=== Available data ===

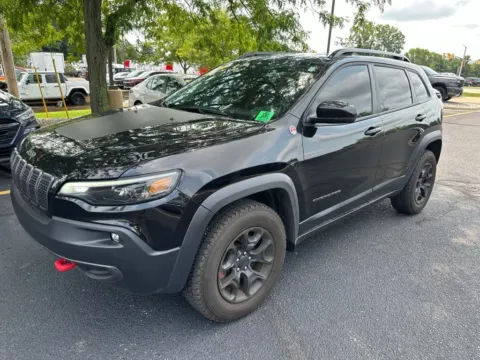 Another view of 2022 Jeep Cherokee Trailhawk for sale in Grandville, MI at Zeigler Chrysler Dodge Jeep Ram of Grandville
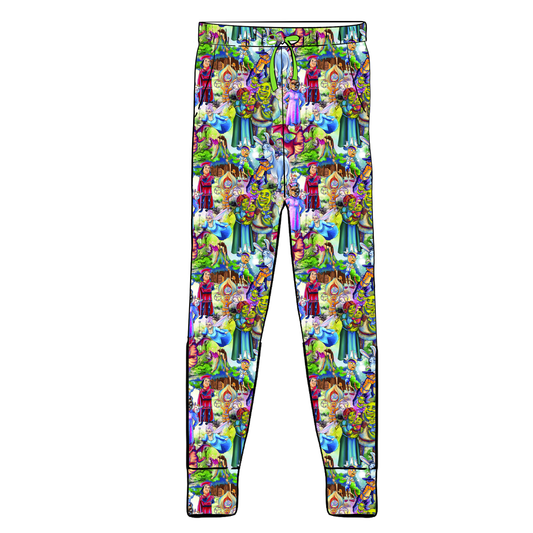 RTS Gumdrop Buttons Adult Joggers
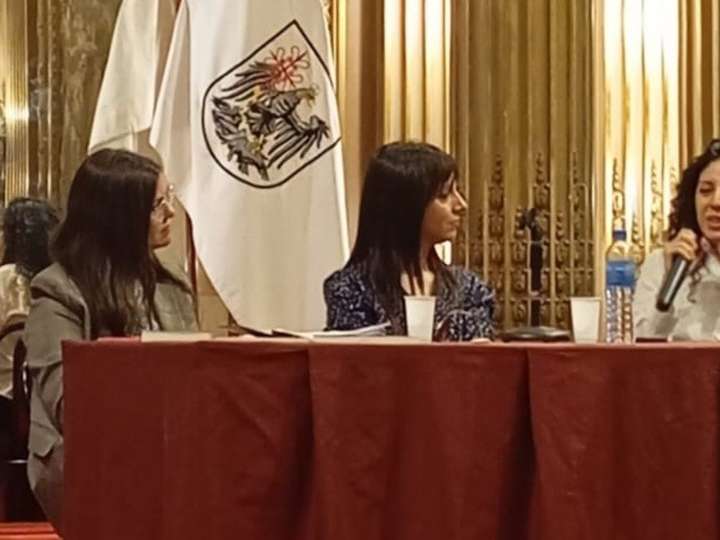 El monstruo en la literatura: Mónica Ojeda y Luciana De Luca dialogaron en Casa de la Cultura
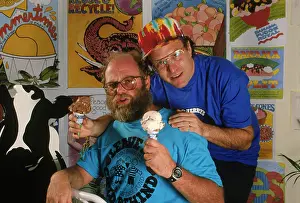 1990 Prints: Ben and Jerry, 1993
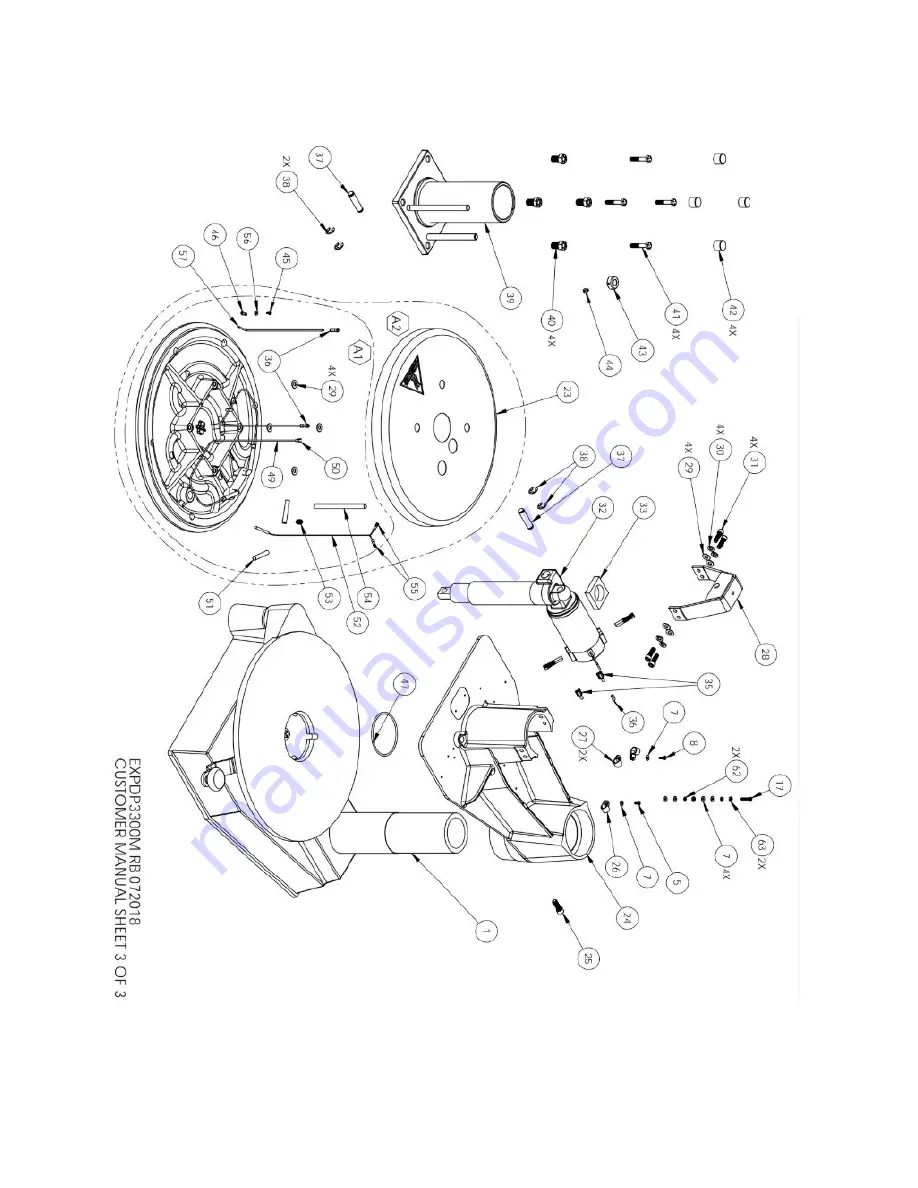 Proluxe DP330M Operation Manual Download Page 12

===
=== Available data ===

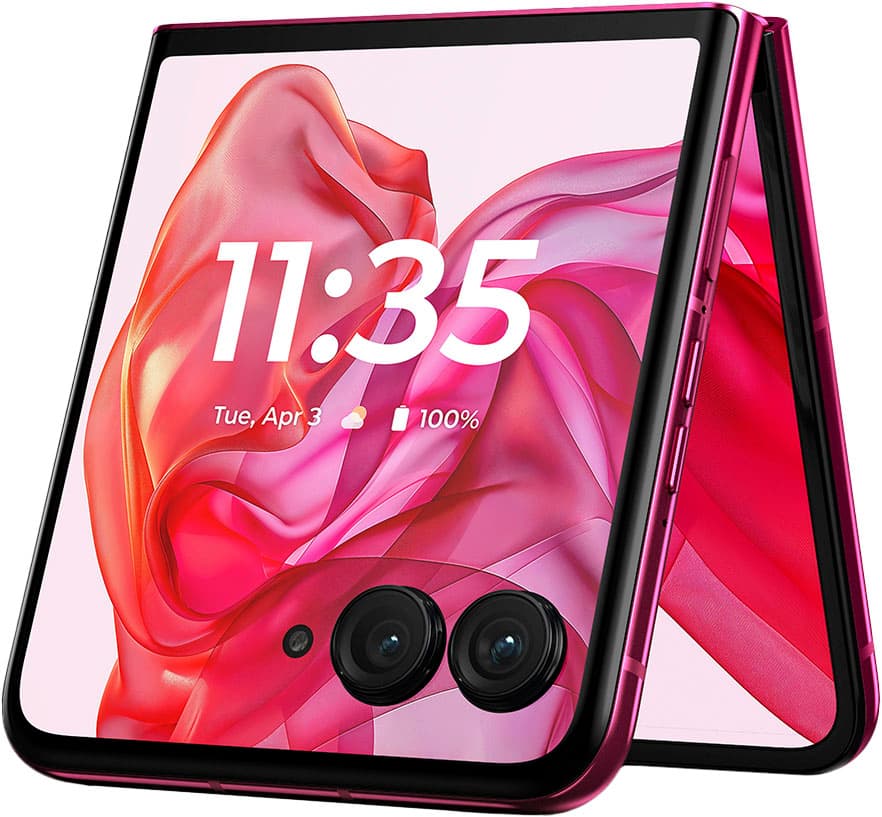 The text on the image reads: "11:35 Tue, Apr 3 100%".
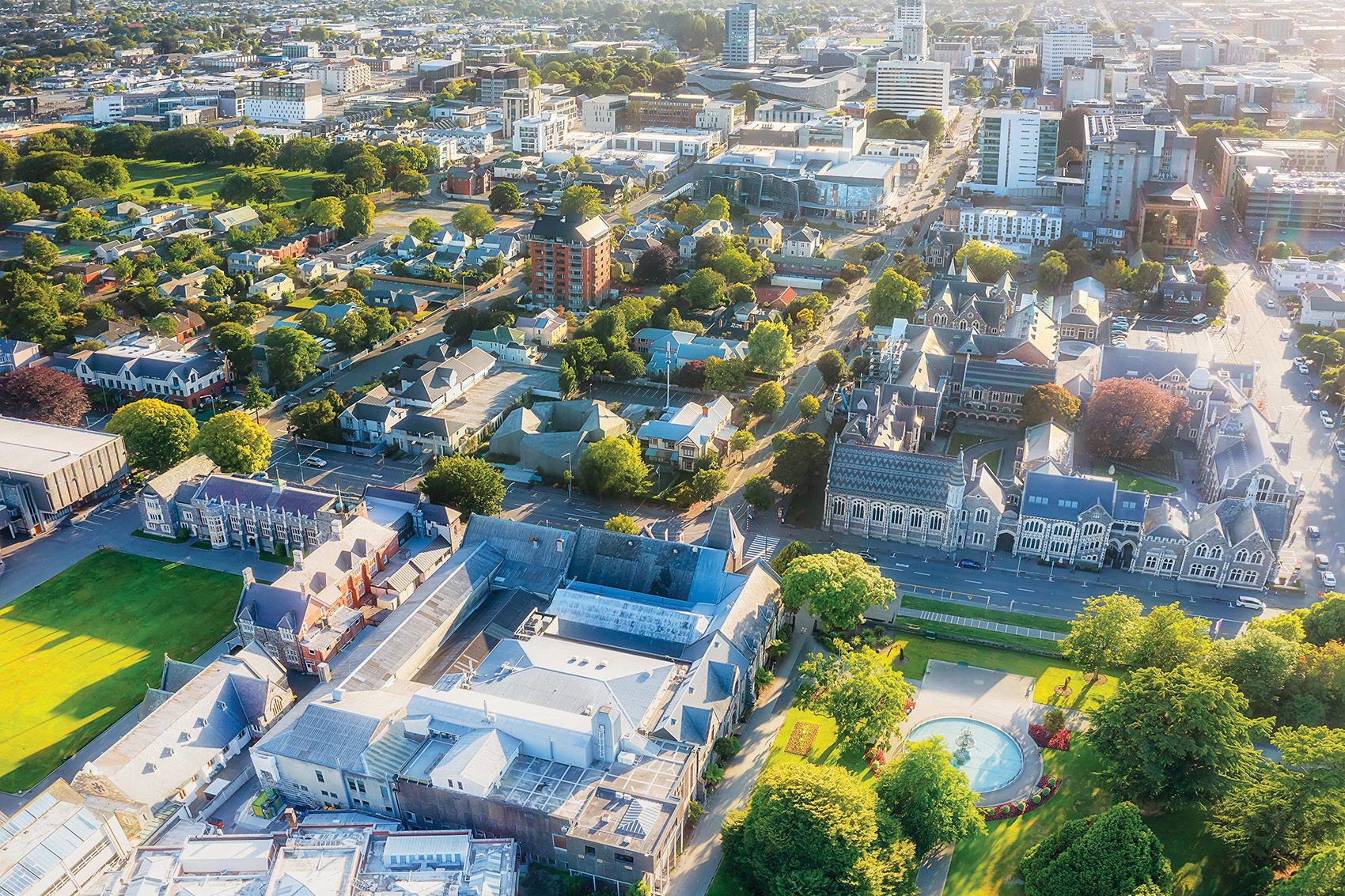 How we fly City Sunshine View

===
=== Available data ===

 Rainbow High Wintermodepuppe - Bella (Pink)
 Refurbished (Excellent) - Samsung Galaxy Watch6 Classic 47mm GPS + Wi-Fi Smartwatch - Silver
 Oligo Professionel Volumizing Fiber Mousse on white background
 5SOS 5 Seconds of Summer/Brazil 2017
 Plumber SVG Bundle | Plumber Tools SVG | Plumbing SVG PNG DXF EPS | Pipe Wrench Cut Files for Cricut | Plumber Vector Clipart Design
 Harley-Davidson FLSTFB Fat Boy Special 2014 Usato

===

- _Exercise directions_:
Copy the lines above between the one holding "RTS Gumdrop Buttons Adult Joggers" and the one holding "Proluxe DP330M Operation", inclusive. Drop the pictures.

- _Response box_:
 RTS Gumdrop Buttons Adult Joggers
 El monstruo en la literatura: Mónica Ojeda y Luciana De Luca dialogaron en Casa de la Cultura
 1990 Prints: Ben and Jerry, 1993
 Proluxe DP330M Operation Manual Download Page 12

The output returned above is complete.